⟨
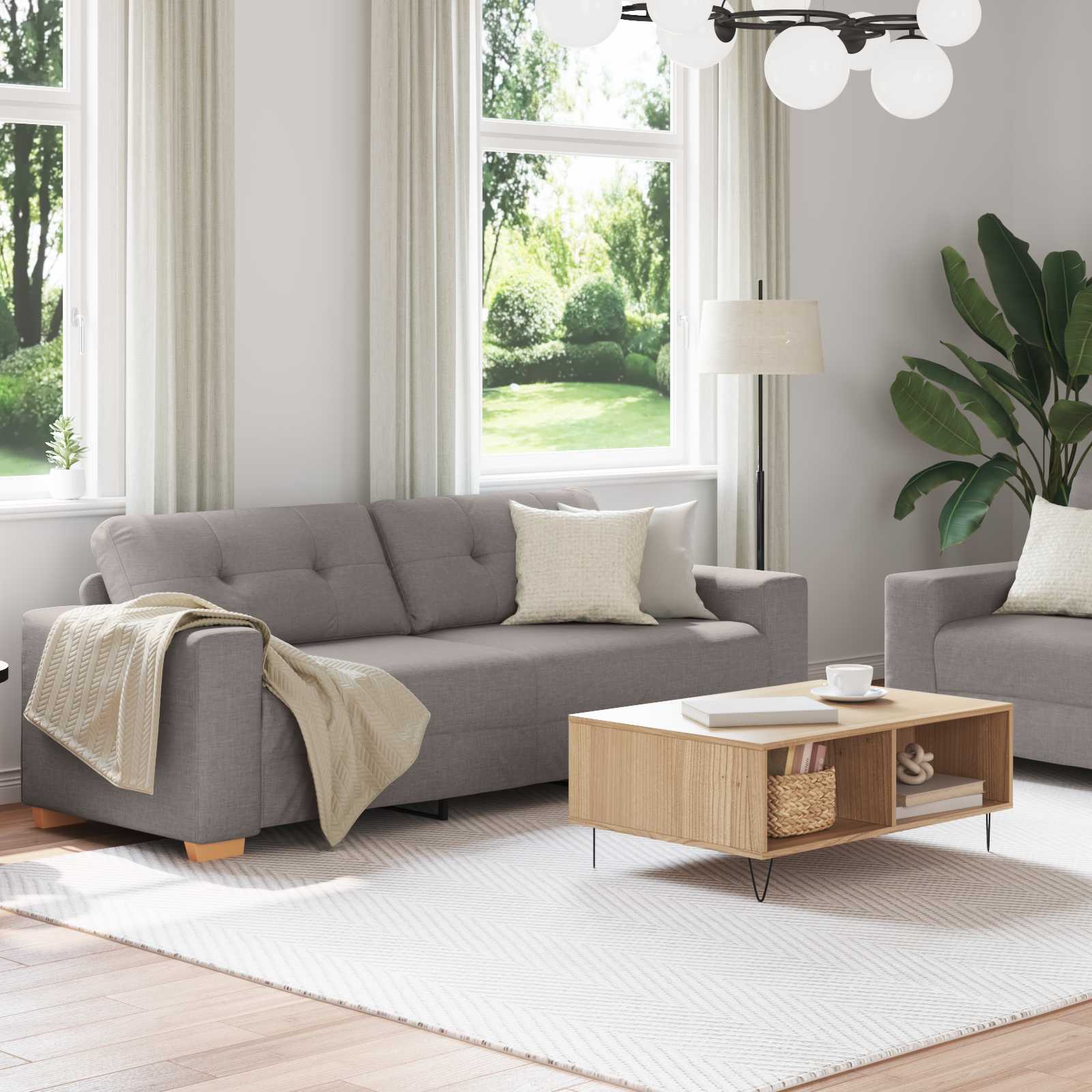 Divano 2 pcs Talpa 221 x 80 x 80 cm Tessuto misto lino | homemem39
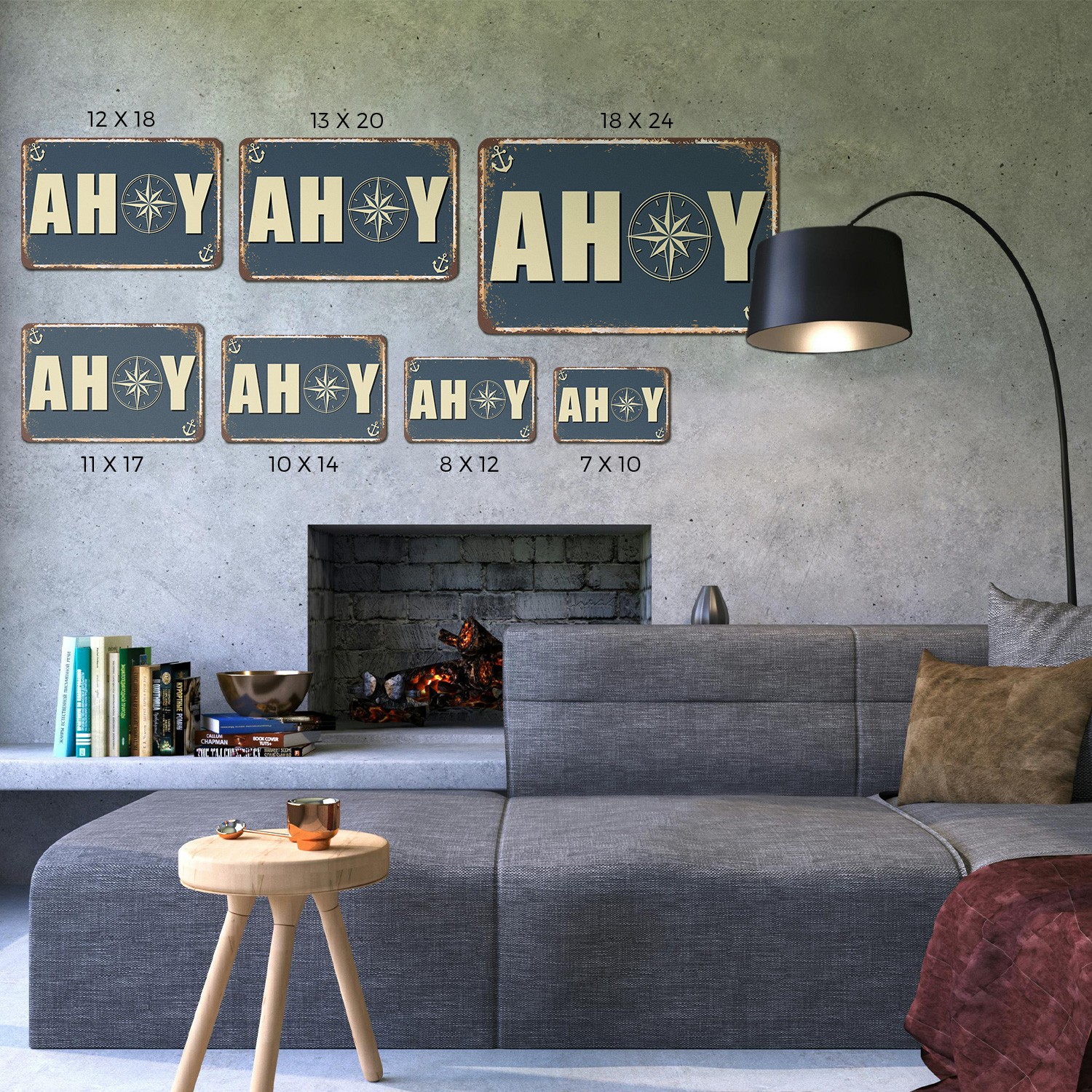 Ahoy Sign Anchors Up Welcome Aboard Durable Perfect for Entryways Baths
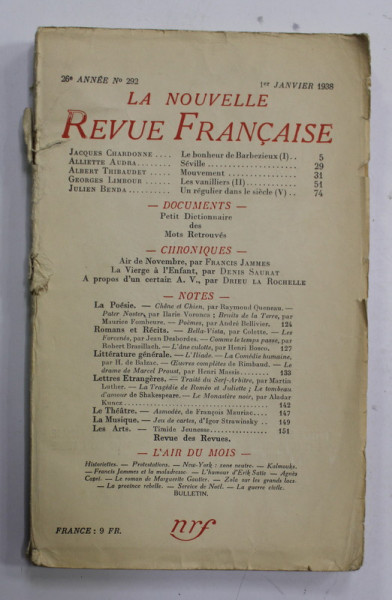 LA NOUVELLE REVUE FRANCAISE , 26e ANNEE , No. 292 , 1er  JANVIER ,  1938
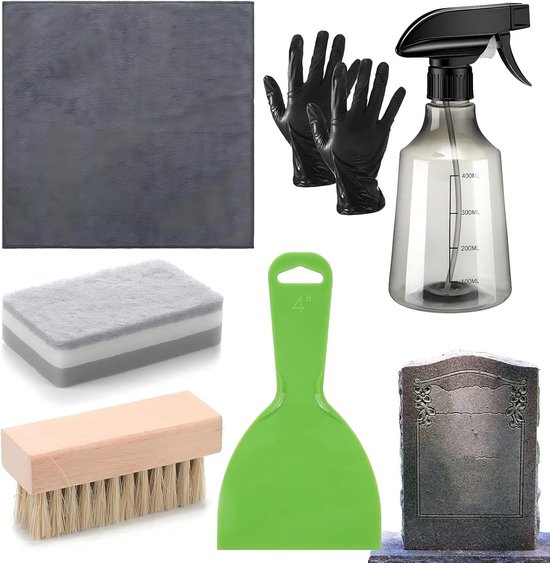 Grafsteen reinigingsset - Grafonderhoud gereedschap - Onderhoud begraafplaats - Complete set met gereedschap - 28x19x10 cm - Meerkleurig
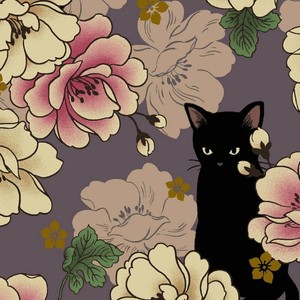 Quilt-Gate-Hyakka-Ryoran-Neko-Cat-HR3110Y-11J-Lavender-w-Gold-Metallic-BTY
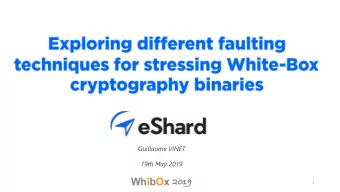 Guillaume VINET  19th May 2019  1  stress WBC-based solutions,  challenging practical realisation,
⟩
● Task instructions
A verbatim transcript of the material above, with images dropped, is the expected output.

● Written solution
 Divano 2 pcs Talpa 221 x 80 x 80 cm Tessuto misto lino | homemem39
 Ahoy Sign Anchors Up Welcome Aboard Durable Perfect for Entryways Baths
 LA NOUVELLE REVUE FRANCAISE , 26e ANNEE , No. 292 , 1er  JANVIER ,  1938
 Grafsteen reinigingsset - Grafonderhoud gereedschap - Onderhoud begraafplaats - Complete set met gereedschap - 28x19x10 cm - Meerkleurig
 Quilt-Gate-Hyakka-Ryoran-Neko-Cat-HR3110Y-11J-Lavender-w-Gold-Metallic-BTY
 Guillaume VINET  19th May 2019  1  stress WBC-based solutions,  challenging practical realisation,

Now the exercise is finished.